Dataset content:

[Start of Attachment]

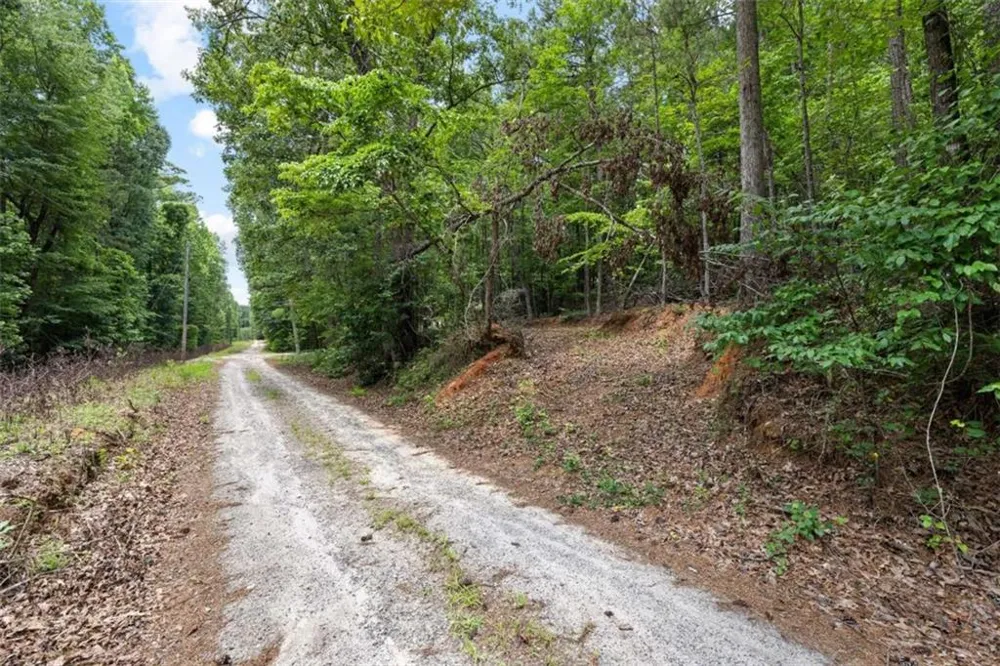 0 Terry Road Fairburn, GA 30213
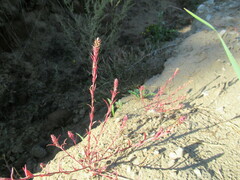 Corispermum redowskii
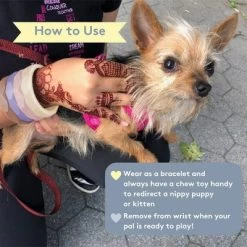 Sweet Paws Silicone Teether Stack Toy Set -BlueBuffalo Sales Store GUEST cddb1290 6701 4cee 8c39 091cb227d418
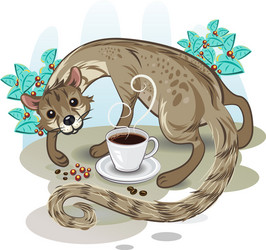 civet coffee kopi luwak vector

[End of Attachment]

Aim of the exercise: With the pictures removed, repeat the listing above exactly as it stands.

Result:
 0 Terry Road Fairburn, GA 30213
 Corispermum redowskii
 Sweet Paws Silicone Teether Stack Toy Set -BlueBuffalo Sales Store GUEST cddb1290 6701 4cee 8c39 091cb227d418
 civet coffee kopi luwak vector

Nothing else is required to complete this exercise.